Develop Reference

Prolog "," operator not working as intended?

I'm super unfamiliar with prolog but I need it for a school project. So, if I use unclear language or incorrect terms, please be understanding. My trouble is that my code is not working how I intended it at all. Here is a bit of my code in the knowledge base:
output(mn,hp,hp,hp).
output(hn,mn,hp,lp).
output(ln,hp,mp,hp).
input(lp,mp,mp,lp):-output(hn,mn,hp,lp).
And here is my query:
?- input(X,mp,mp,lp),output(hn,mn,hp,lp).
I would expect it to return X = lp, as the if-then sentence in the knowledgebase states. However, it returns X=hp, X=mp, and X=lp, which is not what I intended.
I used "trace" to see how it reasoned, and I saw that it called for other outputs.

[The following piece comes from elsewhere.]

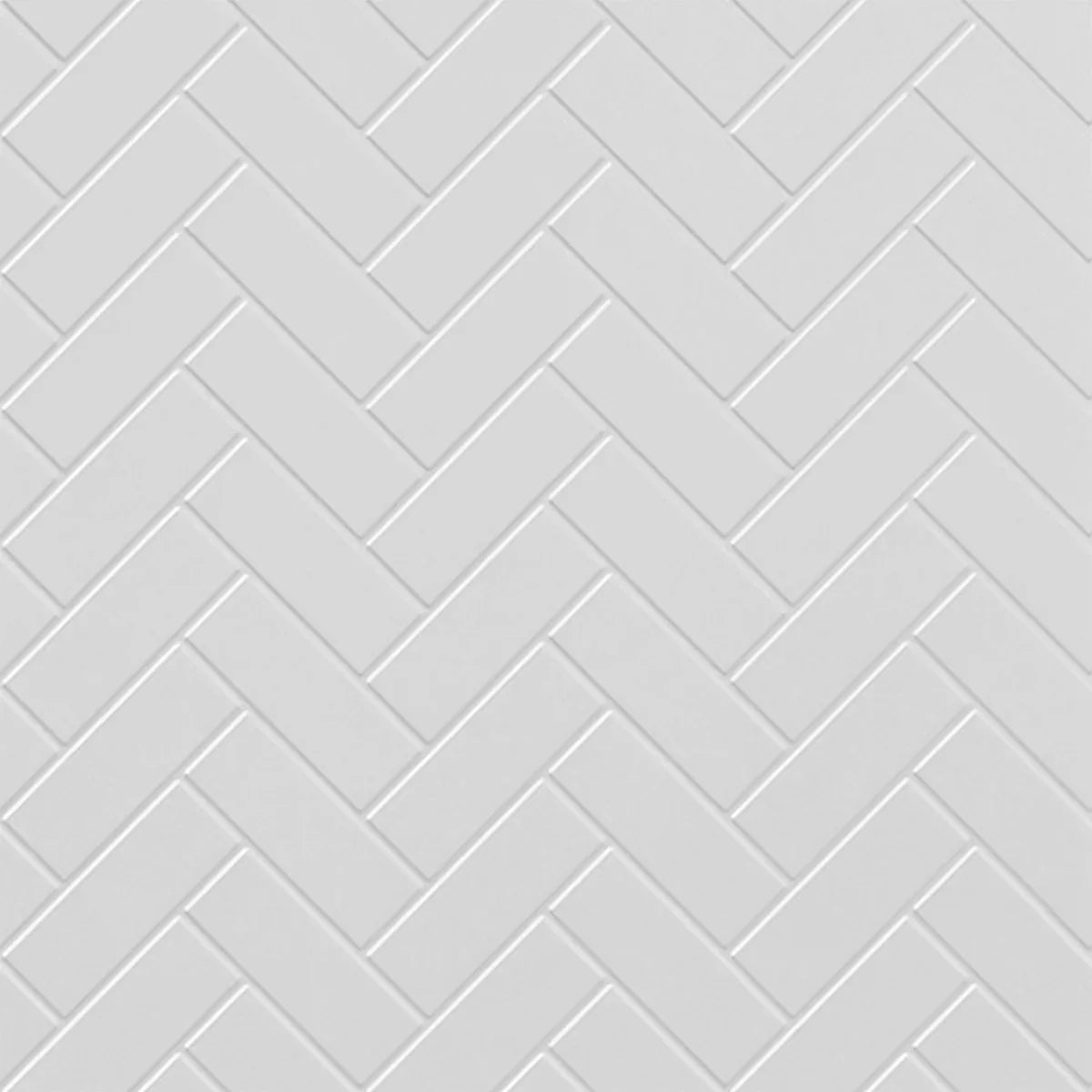 Herringbone Surrounds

I thought the "," operator meant "and", so it would only look for the output with the values (hn,mn,hp,lp). How can I get my code to only look for if-then sentences with the correct output values? Do I have an incorrect understanding of the "," operator or is the problem due to my knowledge base?
EDIT: Here is the link to my code in SWISH: https://swish.swi-prolog.org/p/i%20wanna%20bash%20my%20head%20in.pl#&togetherjs=AQ4zzkAQk4
EDIT 2: My aim with this project is the following: I'm trying to explain a fuzzy cognitive map with this program. I want the program to determine the values of missing input concepts given the output concepts. So, I need the program to look for the clause with the correct values in output(), and then determine the values inside the relevant input().

With the whole program (88 lines):
?- output(hn,mn,hp,lp).
true.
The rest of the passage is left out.